Given data below:
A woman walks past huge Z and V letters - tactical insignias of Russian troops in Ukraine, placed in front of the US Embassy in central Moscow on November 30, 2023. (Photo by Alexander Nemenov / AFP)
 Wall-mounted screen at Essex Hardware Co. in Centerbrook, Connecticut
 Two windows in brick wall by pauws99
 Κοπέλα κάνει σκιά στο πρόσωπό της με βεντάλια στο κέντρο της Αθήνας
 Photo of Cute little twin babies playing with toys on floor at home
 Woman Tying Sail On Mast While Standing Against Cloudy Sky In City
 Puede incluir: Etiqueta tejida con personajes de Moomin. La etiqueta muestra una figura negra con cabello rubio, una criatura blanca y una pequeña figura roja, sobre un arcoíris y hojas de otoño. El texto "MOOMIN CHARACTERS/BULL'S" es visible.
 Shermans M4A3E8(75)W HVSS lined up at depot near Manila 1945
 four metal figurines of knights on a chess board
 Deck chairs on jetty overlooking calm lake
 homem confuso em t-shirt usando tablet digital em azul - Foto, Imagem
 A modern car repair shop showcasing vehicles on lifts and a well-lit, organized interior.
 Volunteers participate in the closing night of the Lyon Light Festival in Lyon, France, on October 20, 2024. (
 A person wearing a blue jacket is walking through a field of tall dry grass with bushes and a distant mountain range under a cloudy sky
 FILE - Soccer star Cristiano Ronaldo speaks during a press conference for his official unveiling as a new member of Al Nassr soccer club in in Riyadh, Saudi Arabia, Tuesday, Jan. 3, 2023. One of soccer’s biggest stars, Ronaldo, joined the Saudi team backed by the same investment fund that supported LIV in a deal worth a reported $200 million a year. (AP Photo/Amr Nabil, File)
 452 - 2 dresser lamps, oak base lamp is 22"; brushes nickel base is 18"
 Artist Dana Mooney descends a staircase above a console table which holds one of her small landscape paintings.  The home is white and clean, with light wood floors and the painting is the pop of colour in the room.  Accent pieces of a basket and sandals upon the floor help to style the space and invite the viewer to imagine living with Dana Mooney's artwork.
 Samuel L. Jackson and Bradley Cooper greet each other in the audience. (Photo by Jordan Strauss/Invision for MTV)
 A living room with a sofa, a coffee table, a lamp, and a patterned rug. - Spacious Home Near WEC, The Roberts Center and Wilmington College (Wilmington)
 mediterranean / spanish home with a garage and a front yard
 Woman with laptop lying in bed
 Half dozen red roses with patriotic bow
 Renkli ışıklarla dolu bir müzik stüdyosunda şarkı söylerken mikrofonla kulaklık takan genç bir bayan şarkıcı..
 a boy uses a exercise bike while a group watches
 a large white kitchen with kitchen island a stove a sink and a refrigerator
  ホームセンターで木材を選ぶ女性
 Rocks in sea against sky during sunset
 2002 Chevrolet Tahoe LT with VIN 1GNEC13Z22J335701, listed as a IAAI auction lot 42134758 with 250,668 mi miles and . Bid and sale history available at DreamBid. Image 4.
End of Given data.
In this exercise, reproduce the material word for word, in full.

→ Exercise solution
A woman walks past huge Z and V letters - tactical insignias of Russian troops in Ukraine, placed in front of the US Embassy in central Moscow on November 30, 2023. (Photo by Alexander Nemenov / AFP)
 Wall-mounted screen at Essex Hardware Co. in Centerbrook, Connecticut
 Two windows in brick wall by pauws99
 Κοπέλα κάνει σκιά στο πρόσωπό της με βεντάλια στο κέντρο της Αθήνας
 Photo of Cute little twin babies playing with toys on floor at home
 Woman Tying Sail On Mast While Standing Against Cloudy Sky In City
 Puede incluir: Etiqueta tejida con personajes de Moomin. La etiqueta muestra una figura negra con cabello rubio, una criatura blanca y una pequeña figura roja, sobre un arcoíris y hojas de otoño. El texto "MOOMIN CHARACTERS/BULL'S" es visible.
 Shermans M4A3E8(75)W HVSS lined up at depot near Manila 1945
 four metal figurines of knights on a chess board
 Deck chairs on jetty overlooking calm lake
 homem confuso em t-shirt usando tablet digital em azul - Foto, Imagem
 A modern car repair shop showcasing vehicles on lifts and a well-lit, organized interior.
 Volunteers participate in the closing night of the Lyon Light Festival in Lyon, France, on October 20, 2024. (
 A person wearing a blue jacket is walking through a field of tall dry grass with bushes and a distant mountain range under a cloudy sky
 FILE - Soccer star Cristiano Ronaldo speaks during a press conference for his official unveiling as a new member of Al Nassr soccer club in in Riyadh, Saudi Arabia, Tuesday, Jan. 3, 2023. One of soccer’s biggest stars, Ronaldo, joined the Saudi team backed by the same investment fund that supported LIV in a deal worth a reported $200 million a year. (AP Photo/Amr Nabil, File)
 452 - 2 dresser lamps, oak base lamp is 22"; brushes nickel base is 18"
 Artist Dana Mooney descends a staircase above a console table which holds one of her small landscape paintings.  The home is white and clean, with light wood floors and the painting is the pop of colour in the room.  Accent pieces of a basket and sandals upon the floor help to style the space and invite the viewer to imagine living with Dana Mooney's artwork.
 Samuel L. Jackson and Bradley Cooper greet each other in the audience. (Photo by Jordan Strauss/Invision for MTV)
 A living room with a sofa, a coffee table, a lamp, and a patterned rug. - Spacious Home Near WEC, The Roberts Center and Wilmington College (Wilmington)
 mediterranean / spanish home with a garage and a front yard
 Woman with laptop lying in bed
 Half dozen red roses with patriotic bow
 Renkli ışıklarla dolu bir müzik stüdyosunda şarkı söylerken mikrofonla kulaklık takan genç bir bayan şarkıcı..
 a boy uses a exercise bike while a group watches
 a large white kitchen with kitchen island a stove a sink and a refrigerator
  ホームセンターで木材を選ぶ女性
 Rocks in sea against sky during sunset
 2002 Chevrolet Tahoe LT with VIN 1GNEC13Z22J335701, listed as a IAAI auction lot 42134758 with 250,668 mi miles and . Bid and sale history available at DreamBid. Image 4.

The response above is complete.